Speaker 1 They're basically cheating, right? They're basically cheating.
Speaker 3 Yeah, I think a lot of people would call it that. I think that some of these students might describe it as working smarter rather than harder, but yeah.
Speaker 1
Well, I mean, look, yes, you know, there are ways to work smarter, not harder. You could like take some money out to register, but it's still stealing.
You know what I'm saying?
Speaker 3 Oh, yeah, 100%. I think professors would agree with that.
Speaker 3 I talked to this recent college grad, Aisha Tarana, about this. Tarana interviewed 10 students at her school, the University of Minnesota Twin Cities, for a research project.
Speaker 3 And she asked these students how they were using AI.
Speaker 9 One of the interviewees said something that kind of stuck out to me. She had said something along the lines of, it makes it easier to do better.
Speaker 9 And that was kind of the like seam that a lot of people were saying to me was that it just makes it easier to be better and do better and get to my goals faster.
Speaker 9 And I was like, hmm, that's interesting.
Speaker 1 I mean, I can see that.
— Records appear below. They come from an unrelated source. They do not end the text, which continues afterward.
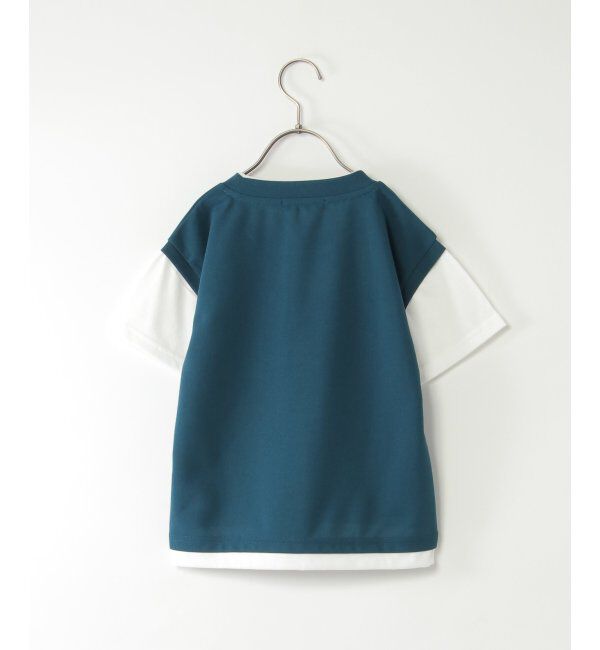 ikka kids「【親子おそろい】速乾COOLフェイクベストTシャツ（120~160cm）」|Tシャツ・カットソー|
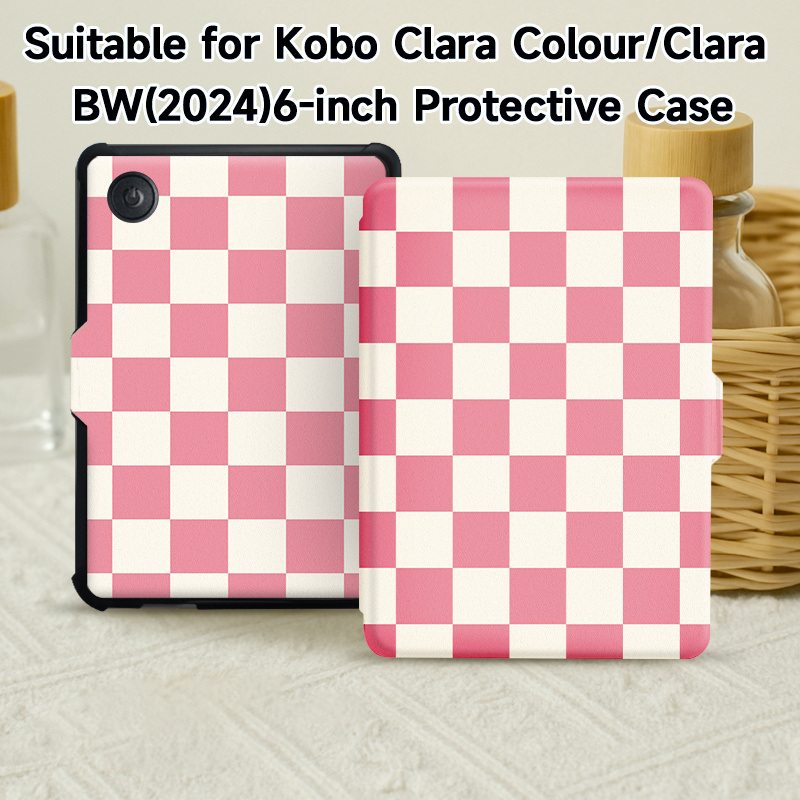 TEMU Capa Protetora Elegante para E-reader, Compatível com Libra Colour 2024 7 polegadas, Kindle 6 polegadas 10ª (2019) e 11ª (2022/2024), Adequada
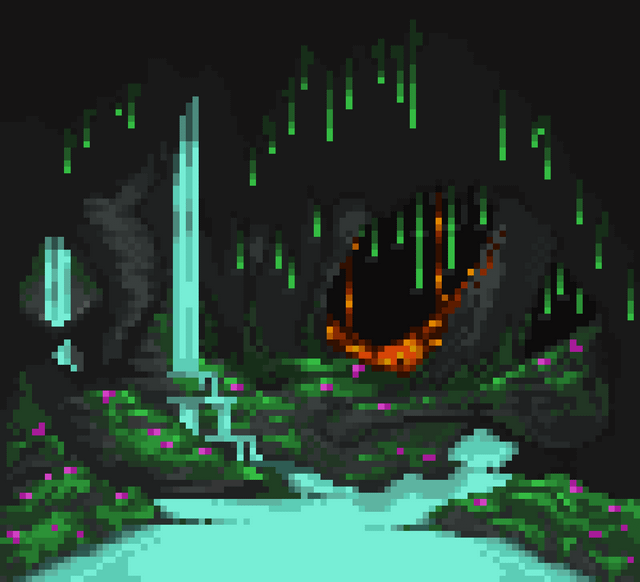 Quick Lush Caves Pixel art
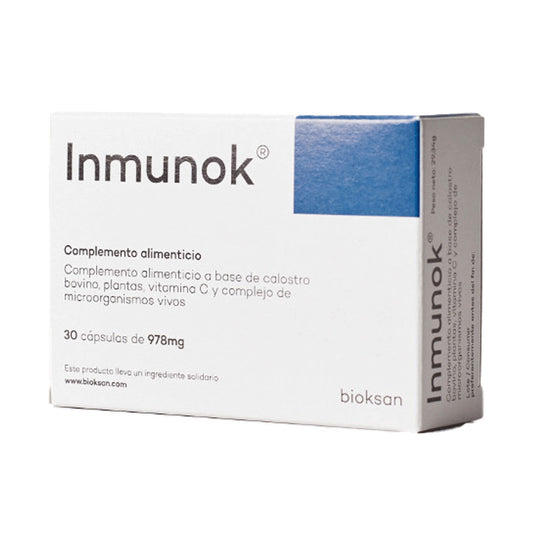 Inmunok Complemento Alimenticio 30 cápsulas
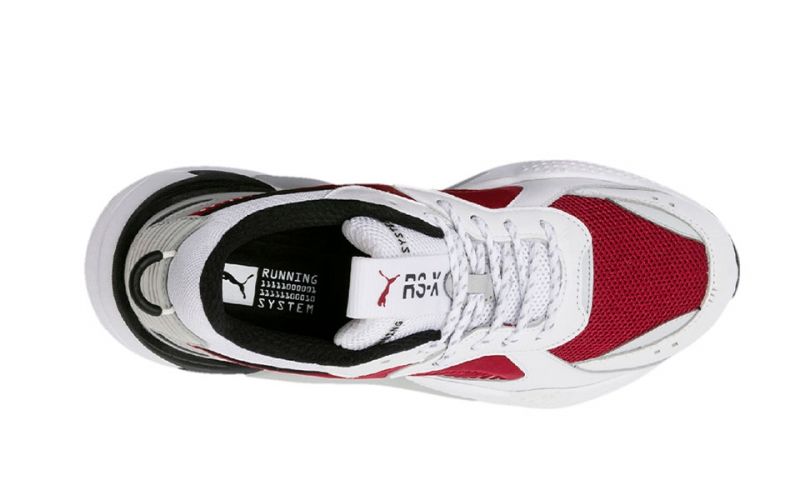 puma rs x white and red
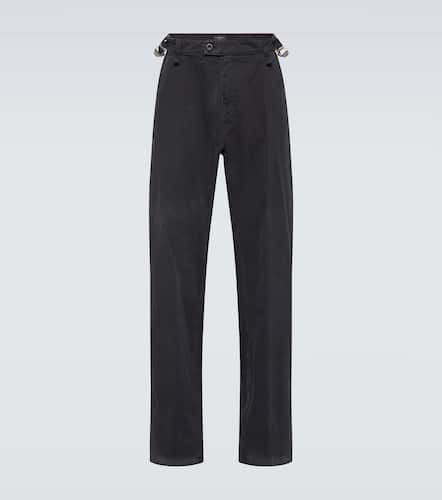 Pantalon droit en toile de coton - Balenciaga - Modalova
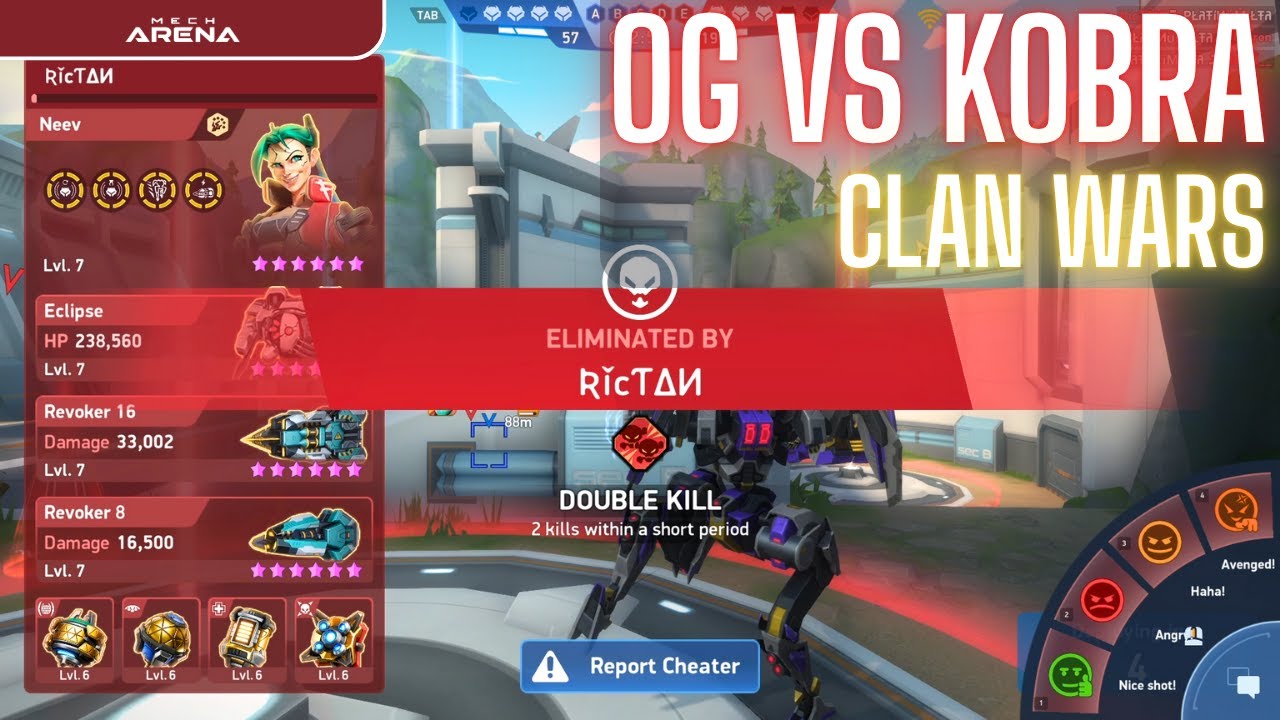 OG vs KOBRA | CLAN WARS 🔥 | BO5 CPC & 5v5 | Mech Arena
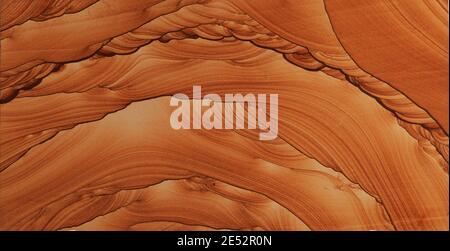 Close up view on sandstone slab from Utah USA. Stock Photo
And I, you know, I have friends and stuff who talk about using AI in this way.
Speaker 1 Like, overall, for the students, it sounds like a mixed bag. Like, you have some students that are using AI as a tool,
Speaker 1 as a study buddy, as an editor, as a brainstorming partner. And then some people who are using it as a kind of an end and of itself, right? Like, so using it to do all of the work.
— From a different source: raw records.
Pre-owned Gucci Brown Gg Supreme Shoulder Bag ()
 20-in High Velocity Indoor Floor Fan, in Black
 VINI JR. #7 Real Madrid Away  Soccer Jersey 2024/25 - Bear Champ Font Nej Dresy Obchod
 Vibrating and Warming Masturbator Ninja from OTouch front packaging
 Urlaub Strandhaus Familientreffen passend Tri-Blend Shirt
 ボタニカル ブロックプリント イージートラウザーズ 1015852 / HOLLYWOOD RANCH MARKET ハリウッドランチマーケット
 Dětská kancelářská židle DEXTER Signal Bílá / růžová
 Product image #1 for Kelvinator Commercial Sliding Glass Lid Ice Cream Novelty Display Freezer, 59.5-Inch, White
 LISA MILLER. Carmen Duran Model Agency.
Speaker 3 Yeah, that's right.
Speaker 1 And so, I mean, how are professors responding to this?
Speaker 3
It's complicated. And it seems like the academic response really depends on who you talk to.
So, three years into the generative AI revolution, there is no broad consensus.
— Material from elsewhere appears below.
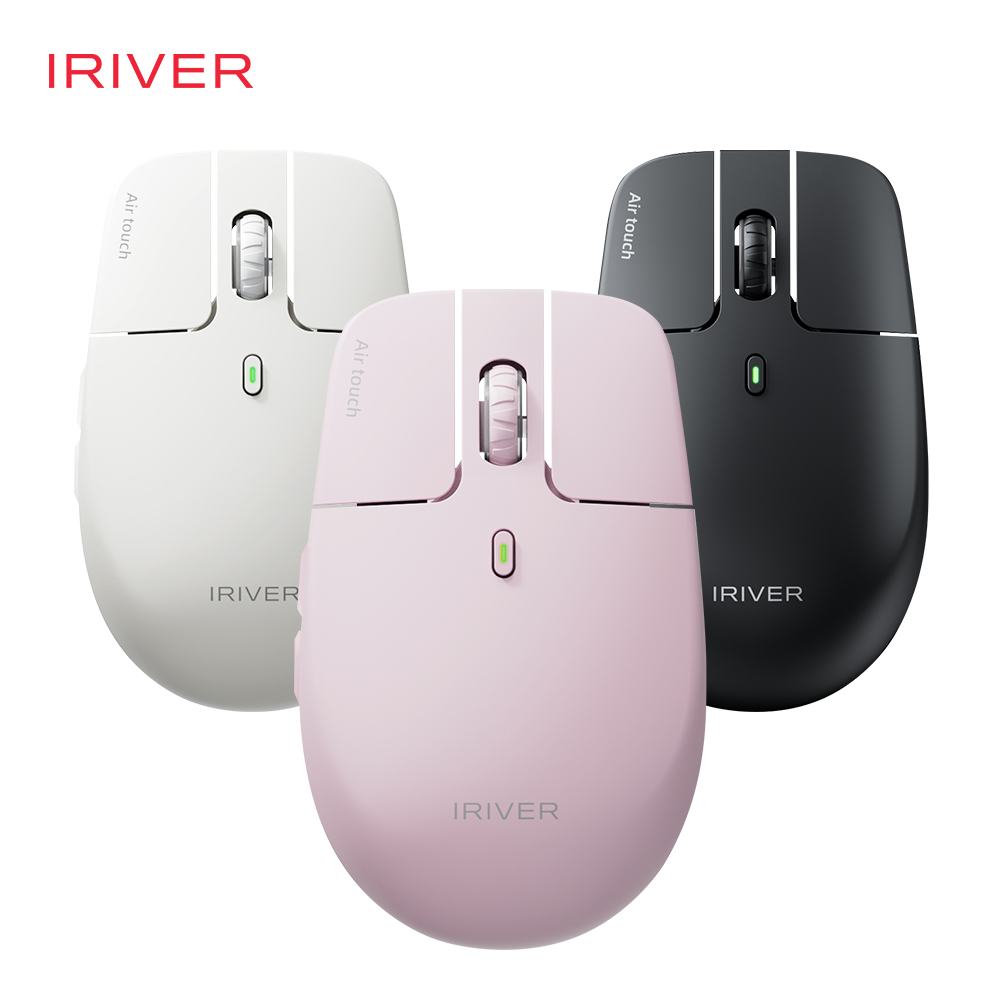 아이리버 항균 충전식 멀티페어링 초경량 블루투스 저소음 무선 마우스 Air Light Fit 블랙 - 상세 이미지 4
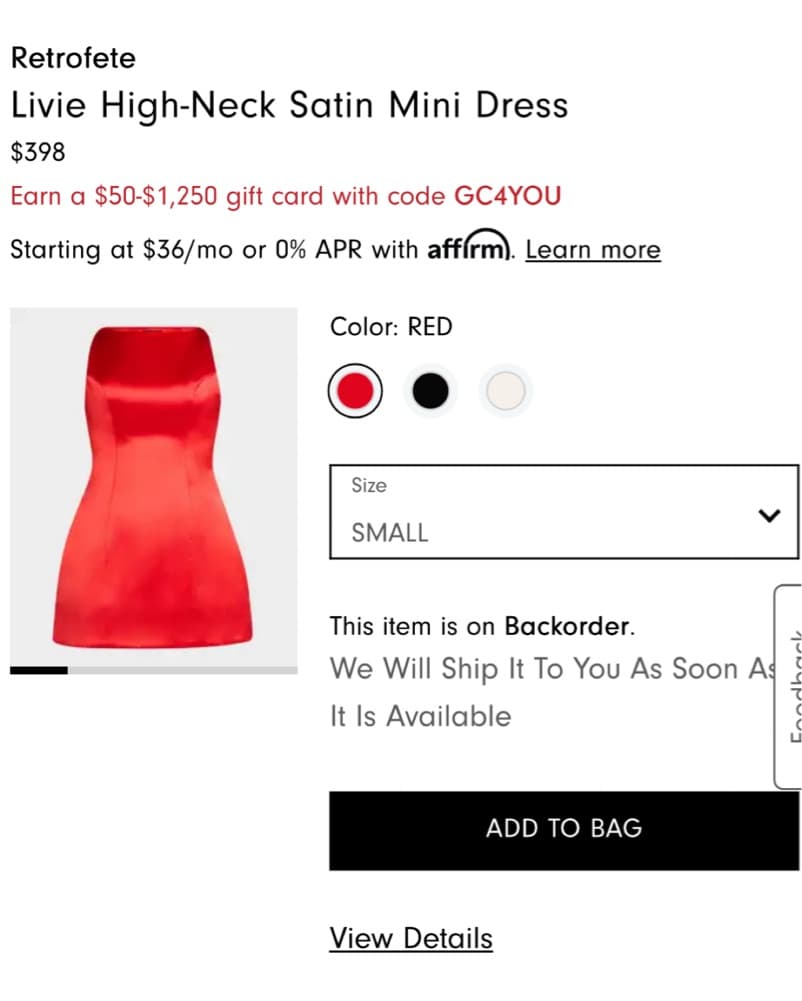 Retrofete Livie red dress small - Image 2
Speaker 3 I've spoken to professors that are banning it outright in their classes and others who are embracing it.
Speaker 1 Okay, so tell me about some of these, you know, perspectives that you're hearing.
Speaker 3
Yeah, let's start with Leslie Clement. She's a professor at Johnson C.
Smith University, a historically black university in Charlotte, North Carolina.
Speaker 10 It's absolutely changed how I teach. It's expanded how I think and how I learn.
Speaker 3 Clement teaches English, Spanish, and African studies. She told me her goal has always been to foster critical, ethical, and inclusive thinking in her students.
Speaker 3 And at first, she was skeptical about AI, but now she says it's her mission to ensure her students apply those same skills to how they use AI.
Speaker 10 We encourage them to use it because we know they're going to use it, but to use it in a responsible way.
Speaker 1 So what does that look like in practice?
Speaker 3 So Clement says she allows her students to use AI to create outlines for papers and to find sources for their research.
Speaker 3 She says she also teaches her students to fact check what AI gives them because it does make mistakes.
Speaker 3 And if students use AI to refine or edit their papers, she asks them to compare the original draft to the AI version and reflect on the changes it made.
Speaker 1 That's really interesting. So it's like she's accepting that the AI exists, but she's also making them kind of interrogate the use of it and what they are getting from using it.
Speaker 3 Yeah, again, she's trying to foster those critical thinking skills alongside the AI.
Speaker 3 And Clement also co-created a new course with two other professors called AI and the African Diaspora.
Speaker 3 Clement says they also introduced students to a large language model called Latimer.ai, which I had actually never heard of before.
Speaker 10 So it's kind of considered the Black Chat GPT.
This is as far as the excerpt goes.